Without sophisticated cost accounting (the kind built on reliable data), hospitals won’t be able to keep up in the competitive world that comes after price transparency becomes a norm. 

The Growing Importance of Cost Accounting for Hospitals

When was the last time your cost accounting practices had a good review? The kind that answers critical questions such as:

  • Can we accurately describe our approach to cost accounting and how it informs our response to patient price-comparison habits? 
  • Is our approach sophisticated enough to support the changes that will come as pricing weighs more heavily in patient decision-making? 
  • Can it easily evolve to meet our needs in the future as patient expectations, government requirements, and competition increases?  
  • Is our cost accounting built on reliable data

Many hospitals can’t answer these questions in a positive way and that’s ok. The journey to applying effective cost accounting methodologies is a process, and one that’s gotten attention in healthcare for quite a few years now. 

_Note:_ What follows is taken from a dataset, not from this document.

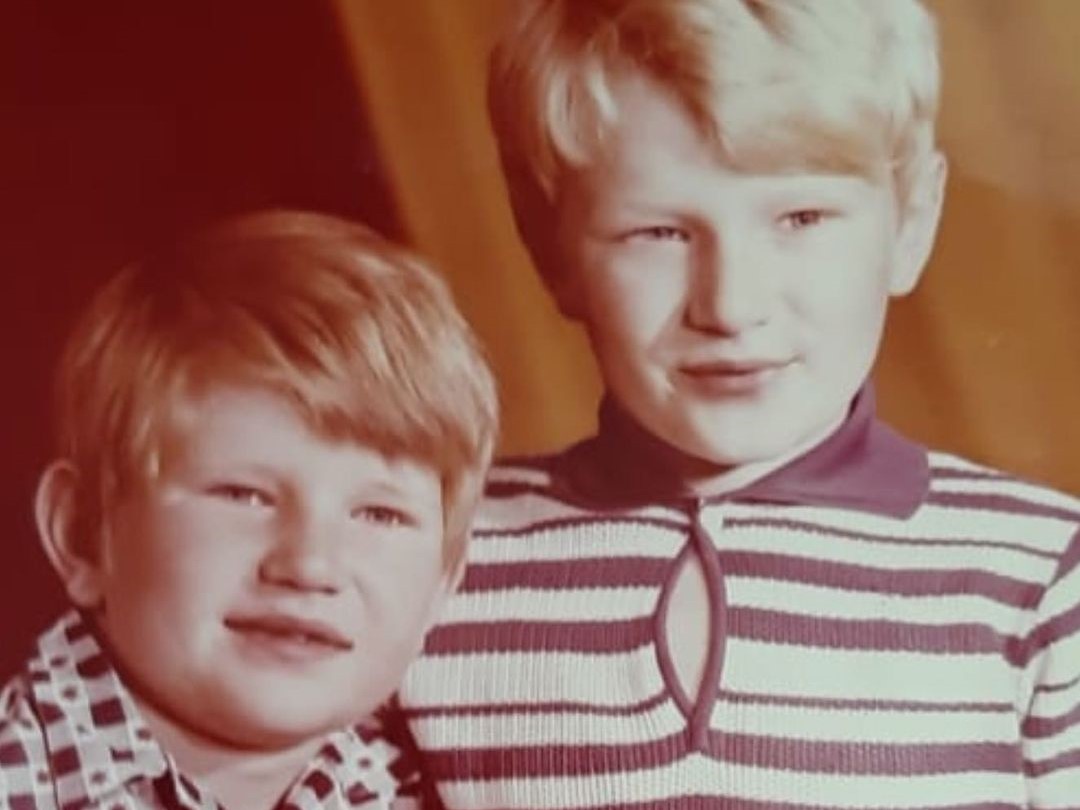 «Все знали, что рыжий и белый всегда вместе»: Олег Савченко похоронил родного брата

Take, for example, this 2016 manuscript published in the Journal of Health Care Finance. It discusses literature on the costs and benefits of different cost accounting methods, suggesting that, at the time, hospitals hadn’t widely adopted sophisticated methods because 1) the cost to do so was too high and 2) the benefits were low. 

But things have changed. Cost accounting methods are much more easily accessible thanks to advances in hospital decision support, with flexible alternatives available even for hospitals that are just stepping into the practice. What’s possibly most interesting about the manuscript though, is that 5 years ago, it made a prediction…

“…changes in insurance benefit design are creating incentives for patients to compare hospital prices. If these changes continue, hospitals’ patient volumes and revenues may increasingly be dictated by the decisions of individual patients shopping for low-cost services and as a result, providers could see increasing pressure to set prices at levels that reflect the costs of providing care.

Today, in 2021, this prediction has come true. 

CMS Is Pushing Patients to Push You

Much of that shift comes thanks to CMS. 

While patients are facing increased pressure from rising out-of-pocket costs, CMS is actively encouraging their evolution — evolution into healthcare consumers who reward transparent pricing with their business. This is most apparent on the Consumer-focused Hospital Transparency page. Take a look at how it sets expectations. 

“We believe consumers should be able to know, long before they open a medical bill, roughly how much a hospital will charge for items and services it provides.”

“Learn before receiving care what the potential hospital charges for your care will be. You can also review Care Compare to see the information about the quality of care at over 4,000 Medicare-certified hospitals.”

“When hospitals share their prices online, consumers are given the power of price comparison. Use this information to shop for the hospital that works best for you.”

The January 1 deadline was just the beginning. (CMS is auditing hospitals as we speak.) Price transparency is a new standard in your relationship with your patients. 

What if Our Cost Accounting Isn’t Up to Speed?

If you’re meeting the bare minimum CMS requirements, in the short term, you’ll likely be fine. The issue is down the road, when the need arises to push the most profitable services lines to the front or potentially scale back loss leaders. Will your leadership be able to move forward with confidence, focusing in on your most profitable lines, or will they be left navigating an outdated status quo where decisions are made based on market share and volume? 

We’ve been in healthcare since before EHRs were common, so we know what it’s like to help you navigate waves of healthcare change. You can learn more about our most advanced cost accounting here, and our cost accounting solution for community hospitals here. 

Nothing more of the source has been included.